You may have heard of the term sensory diet. Typically, this is a list of sensory strategies to carry out with your child throughout the day. Perhaps you have used one before with varying degrees of success. It can be easy to start with good intentions but forget about the diet by lunch time!
In this blog, occupational therapist Kim Griffin, from GriffinOT, gives suggestions on how you can embed sensory strategies into everyday life.
At the moment, as most children are at home, their parents and carers are taking the lead role in managing their sensory diet. This is a very different environment than school. Some children find it much easier to regulate, and some parents are reporting that their children are generally calmer without the pressure of the morning school run. Others are reporting that it is much more challenging.

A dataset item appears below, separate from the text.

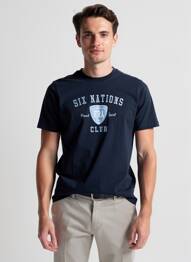 Tricou broderie mâneci scurte albastru CAMBERABERO bărbat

Let’s start with some definitions
Arousal is the level of alertness in the body. This ranges from low (or asleep) to high (or highly stressed).
Optimal Arousal is the perfect level of arousal to match the environment and activity. Sometimes it is called ‘Just Right.’ At night-time, optimal arousal would be low enough to facilitate sleep. During the day optimal arousal is when a child can focus and attend. When they are playing outside, it’s normal for optimal arousal to be a bit higher as there’s more movement and usually excitement.
Regulation is the ability to organise the level of arousal to match the environment and the activity. Essentially, it’s the ability to adjust to an optimal level of arousal. Throughout the day the brain is constantly doing things to increase and decrease arousal levels in an effort to regulate. Some children (and adults) have more difficulty regulating than others.
A Sensory Strategy is a strategy which uses one of the seven senses to help with regulation. Examples of sensory strategies include fidget toys, ear defenders, wobble cushions and movement breaks.
Often, sensory diets are recommended as a way to organise a child’s sensory strategies through their day. The diet will have activities to complete at specific times, e.g. movement break at 10am. The problem with prescriptive sensory diets is that they don’t facilitate real world flexibility. If a child is settled, organised and attending at 10am, they may not need their movement break. However, if an activity runs for longer than planned and they have been stuck sitting for half an hour by 11am, they might need to move, even if it’s not on their schedule.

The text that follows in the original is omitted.